Since the aggregate structure characteristics such as porosity and coordination number depend strongly on the primary particle morphology, the generalized form of the theory of Rumpf has to be adopted for variations in the primary particle morphology. Thereby, the porosity and coordination number can be characterized as function of the aspect ratio of the primary particles, f₀, which is already described for bulk solids by various authors [9, 52]. An example for the adaption of the generalized model of Rumpf for agglomerates containing primary particles with different morphologies is discussed by Schilde et al. [42]:

$$ \sigma_{Rumpf} = \left( {1 - \varepsilon } \right) \cdot k \cdot \frac{{F_{A} }}{{S_{p} }} = c \cdot \phi \left( {f_{0} } \right) \cdot k\left( {f_{0} } \right) \cdot \frac{F}{{S_{p} }} $$

(4)

where φ (φ = 1 − ε) is the volume fraction and S_p is the specific particle surface. In principle, the model of Rumpf is applicable in describing the micromechanical aggregate properties for spherical aggregates or agglomerates, constant aggregate diameter, similar deformation behavior and particle-particle interactions, and constant load function during the nanoindentation measurement.
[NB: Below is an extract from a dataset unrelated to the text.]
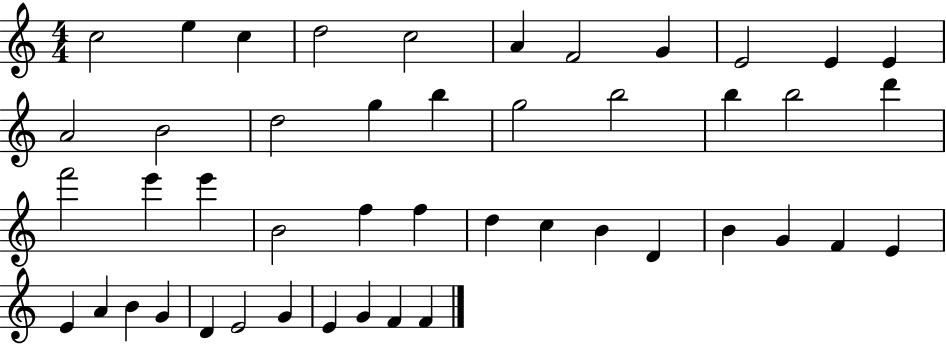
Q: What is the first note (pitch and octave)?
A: C5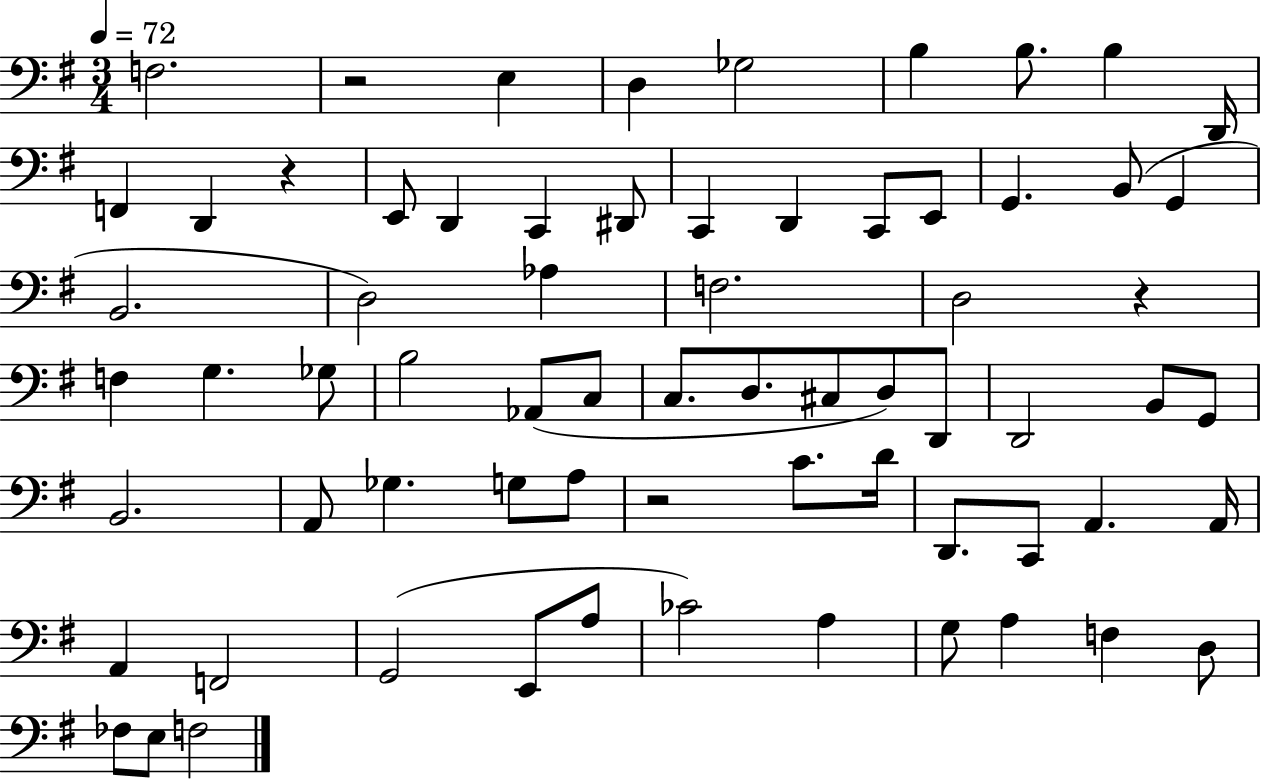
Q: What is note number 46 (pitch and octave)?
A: C4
4 DEM Simulation of the Mechanical Aggregate Properties

For application and further aggregate processing, the particle-particle interactions between primary particles are of substantial interest. A characterization of these particle-particle interactions in the nanometer size range and their effect on the micromechanical aggregate properties is possible only with an increased measurement effort. More detailed information can be obtained by simulating the nanoindentation measurement with the help of the discrete elements method (DEM). The used contact model for the DEM simulation (EDEM 2.3™, company DEM Solutions) during this project was based on a standard Hertz-Mindlin [23] model, a contact model for solid bonds, and an additional attractive van der Waals interaction force. A detailed description of the contact models, dimensioning and aggregate built up is given by Schilde et al. [35]. Depending on the aggregate structure, normal stresses and tensile stresses, fracture may occur during the nanoindentation process. Figure 8 shows force-displacement curves of measured and simulated aggregate compression tests via nanoindentation with and without aggregate fracture (xprimary = 400 nm). As expected for high solid bridge strengths, no fracture occurs and the characteristic values of the deformation energies, relative amount of broken solid bonds, and the maximum indentation force remain constant [35]. The deformation behavior without aggregate fracture obtained from simulation is in qualitatively good agreement to the measured force-displacement curve (without regard to absolute values). Although slight differences can be observed, the used DEM contact model is suitable for the characterization of the stress-strain relationship and particle-particle interaction forces. Since the local structure (defects, coordination number, solid bridge strength and diameter) of the measured aggregates in the simulation differ, the force-displacement curves for fractured aggregates cannot match. To achieve similar force-displacement curves, the 3D-structure of the aggregated system has to be taken into account which is shown for micro sized particles by Roth et al. [26, 27] (via confocal microscopy).

Fig. 8

Force-displacement curves of measured and simulated aggregate compression tests via nanoindentation with (right) and without (left) aggregate fracture

The effect of various contact model parameters on the resultant values of deformation energies, the quotient of plastic and elastic deformation energy, the relative amount of broken solid bonds, as well as the breakage force are given by Schilde et al. [35]. Additionally, the load distribution in horizontal direction, which is vertical to the force direction of the indenter, was calculated [35] and compared to the theoretical considerations of Antonyuk et al. [2]. The load distribution provides information on the stresses within the aggregate as well as the deformation behavior [22, 27].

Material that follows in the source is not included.